MAHOMET – Spc. Justin Owen Penrod, 24, of Mahomet passed away at 6:15 a.m. Saturday, Aug. 11, 2007, in Arab Jabour, Iraq.
Funeral services will be held at 11 a.m. on Saturday, Aug. 25, 2007, at the Urbana Assemby of God, 2502 S. Race St., Urbana, with the Reverend Gary Grogan and Elder Russell Beck officiating. Burial will be in Danville National Cemetery, Danville, with full military honors accorded. Visitation will be from 4 to 8 p.m. on Friday, Aug. 24, 2007, at the church. Morgan Memorial Home, 1304 Regency Drive West, Savoy is handling the arrangements.
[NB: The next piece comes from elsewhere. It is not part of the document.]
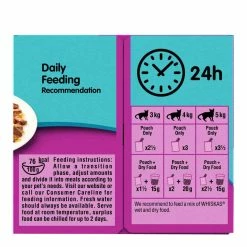 Whiskas Pouch Adult Fish Jelly 40x100g -Dog Food shop whiskas cat fish selection in jelly feeding guide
Spc. Penrod was born on Dec. 18, 1982, in Danville. He married Christina Lyne Whittington on Nov. 1, 2004, in Champaign. Surviving are his wife and son, Colin Owen Penrod of Mahomet; his father and stepmother, George and Diane Penrod of Danville; brother, Jim Penrod of Danville; one neice, Saddie Penrod of Danville; sister, Nicole Escobedo of Oakwood; two nephews, Terry and Trae Escobedo of Oakwood; three nieces Ty, Kyah and Ema Escobedo of Oakwood; sister, Christi Shank of Galveston, Ind.; and nephew, Brock Shank of Galveston, Ind.; two nieces, Courtney and Megan Shank of Galveston, Ind.; his mother, Tina Tuttle of Danville; father-in-law and mother-in-law, Richard and Julie Whittington of Mahomet; sister-in-law, Jennifer Ladage of Mahomet; one niece, Emmilee Ladage of Mahomet; and one nephew, Hunter Ladage of Mahomet. He was preceded in death by his sister, Emily Penrod; and brother, Ricky Reavis.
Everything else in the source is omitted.